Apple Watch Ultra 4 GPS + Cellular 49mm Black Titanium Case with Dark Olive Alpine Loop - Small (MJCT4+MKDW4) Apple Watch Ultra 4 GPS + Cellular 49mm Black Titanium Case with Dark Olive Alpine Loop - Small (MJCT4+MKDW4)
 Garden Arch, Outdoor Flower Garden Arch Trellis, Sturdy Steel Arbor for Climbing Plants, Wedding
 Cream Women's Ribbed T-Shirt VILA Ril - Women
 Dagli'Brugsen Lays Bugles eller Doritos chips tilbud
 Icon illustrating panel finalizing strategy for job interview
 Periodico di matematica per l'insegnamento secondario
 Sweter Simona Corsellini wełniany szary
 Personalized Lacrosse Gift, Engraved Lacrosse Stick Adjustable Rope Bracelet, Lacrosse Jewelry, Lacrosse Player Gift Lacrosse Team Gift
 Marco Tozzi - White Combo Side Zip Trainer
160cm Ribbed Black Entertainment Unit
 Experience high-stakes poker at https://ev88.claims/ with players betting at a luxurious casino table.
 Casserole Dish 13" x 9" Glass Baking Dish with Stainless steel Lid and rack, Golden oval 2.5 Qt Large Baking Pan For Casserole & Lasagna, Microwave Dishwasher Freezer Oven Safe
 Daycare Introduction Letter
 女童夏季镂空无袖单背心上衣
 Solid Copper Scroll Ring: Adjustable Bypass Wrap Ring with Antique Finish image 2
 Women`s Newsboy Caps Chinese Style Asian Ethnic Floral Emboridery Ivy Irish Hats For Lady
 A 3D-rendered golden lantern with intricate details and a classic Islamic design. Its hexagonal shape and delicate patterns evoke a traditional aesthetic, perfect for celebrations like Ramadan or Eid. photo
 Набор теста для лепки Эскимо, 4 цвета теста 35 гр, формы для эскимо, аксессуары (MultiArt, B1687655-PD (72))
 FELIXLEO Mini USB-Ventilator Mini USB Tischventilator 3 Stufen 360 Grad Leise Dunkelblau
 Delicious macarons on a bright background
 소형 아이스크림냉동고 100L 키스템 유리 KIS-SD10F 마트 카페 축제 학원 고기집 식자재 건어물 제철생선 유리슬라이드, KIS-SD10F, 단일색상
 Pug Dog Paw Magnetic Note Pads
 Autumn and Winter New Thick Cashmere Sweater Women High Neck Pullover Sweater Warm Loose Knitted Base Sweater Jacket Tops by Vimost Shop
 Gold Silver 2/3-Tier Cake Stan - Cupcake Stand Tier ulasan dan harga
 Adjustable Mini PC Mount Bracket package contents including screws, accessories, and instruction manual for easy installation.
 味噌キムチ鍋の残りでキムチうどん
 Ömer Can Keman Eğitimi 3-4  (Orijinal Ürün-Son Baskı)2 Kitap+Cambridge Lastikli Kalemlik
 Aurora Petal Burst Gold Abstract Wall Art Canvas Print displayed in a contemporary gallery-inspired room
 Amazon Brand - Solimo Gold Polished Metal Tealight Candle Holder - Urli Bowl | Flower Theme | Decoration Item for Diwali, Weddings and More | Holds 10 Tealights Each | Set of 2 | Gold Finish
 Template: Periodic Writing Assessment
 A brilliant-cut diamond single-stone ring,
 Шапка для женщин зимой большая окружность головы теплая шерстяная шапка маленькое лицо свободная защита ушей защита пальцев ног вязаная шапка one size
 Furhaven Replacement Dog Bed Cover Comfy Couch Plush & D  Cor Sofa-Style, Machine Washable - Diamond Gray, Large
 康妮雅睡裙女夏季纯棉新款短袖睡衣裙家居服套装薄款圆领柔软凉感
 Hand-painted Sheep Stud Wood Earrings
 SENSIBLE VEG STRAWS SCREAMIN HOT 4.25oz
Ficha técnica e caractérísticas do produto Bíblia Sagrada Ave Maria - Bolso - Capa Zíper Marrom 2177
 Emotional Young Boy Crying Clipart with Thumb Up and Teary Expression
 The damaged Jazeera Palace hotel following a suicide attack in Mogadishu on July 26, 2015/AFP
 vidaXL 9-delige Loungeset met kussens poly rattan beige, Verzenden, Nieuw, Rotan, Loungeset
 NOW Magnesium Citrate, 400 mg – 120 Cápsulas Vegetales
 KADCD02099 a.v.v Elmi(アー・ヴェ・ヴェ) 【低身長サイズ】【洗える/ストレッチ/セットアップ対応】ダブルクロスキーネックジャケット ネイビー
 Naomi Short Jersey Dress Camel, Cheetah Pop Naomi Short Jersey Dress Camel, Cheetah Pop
-- -- --
> Goal of the exercise
Out of the data above, give again only the lines starting at the one holding "160cm Ribbed Black Entertainment Unit" and ending at the one holding "Шапка для женщин", unchanged.

> Result below
160cm Ribbed Black Entertainment Unit
 Experience high-stakes poker at https://ev88.claims/ with players betting at a luxurious casino table.
 Casserole Dish 13" x 9" Glass Baking Dish with Stainless steel Lid and rack, Golden oval 2.5 Qt Large Baking Pan For Casserole & Lasagna, Microwave Dishwasher Freezer Oven Safe
 Daycare Introduction Letter
 女童夏季镂空无袖单背心上衣
 Solid Copper Scroll Ring: Adjustable Bypass Wrap Ring with Antique Finish image 2
 Women`s Newsboy Caps Chinese Style Asian Ethnic Floral Emboridery Ivy Irish Hats For Lady
 A 3D-rendered golden lantern with intricate details and a classic Islamic design. Its hexagonal shape and delicate patterns evoke a traditional aesthetic, perfect for celebrations like Ramadan or Eid. photo
 Набор теста для лепки Эскимо, 4 цвета теста 35 гр, формы для эскимо, аксессуары (MultiArt, B1687655-PD (72))
 FELIXLEO Mini USB-Ventilator Mini USB Tischventilator 3 Stufen 360 Grad Leise Dunkelblau
 Delicious macarons on a bright background
 소형 아이스크림냉동고 100L 키스템 유리 KIS-SD10F 마트 카페 축제 학원 고기집 식자재 건어물 제철생선 유리슬라이드, KIS-SD10F, 단일색상
 Pug Dog Paw Magnetic Note Pads
 Autumn and Winter New Thick Cashmere Sweater Women High Neck Pullover Sweater Warm Loose Knitted Base Sweater Jacket Tops by Vimost Shop
 Gold Silver 2/3-Tier Cake Stan - Cupcake Stand Tier ulasan dan harga
 Adjustable Mini PC Mount Bracket package contents including screws, accessories, and instruction manual for easy installation.
 味噌キムチ鍋の残りでキムチうどん
 Ömer Can Keman Eğitimi 3-4  (Orijinal Ürün-Son Baskı)2 Kitap+Cambridge Lastikli Kalemlik
 Aurora Petal Burst Gold Abstract Wall Art Canvas Print displayed in a contemporary gallery-inspired room
 Amazon Brand - Solimo Gold Polished Metal Tealight Candle Holder - Urli Bowl | Flower Theme | Decoration Item for Diwali, Weddings and More | Holds 10 Tealights Each | Set of 2 | Gold Finish
 Template: Periodic Writing Assessment
 A brilliant-cut diamond single-stone ring,
 Шапка для женщин зимой большая окружность головы теплая шерстяная шапка маленькое лицо свободная защита ушей защита пальцев ног вязаная шапка one size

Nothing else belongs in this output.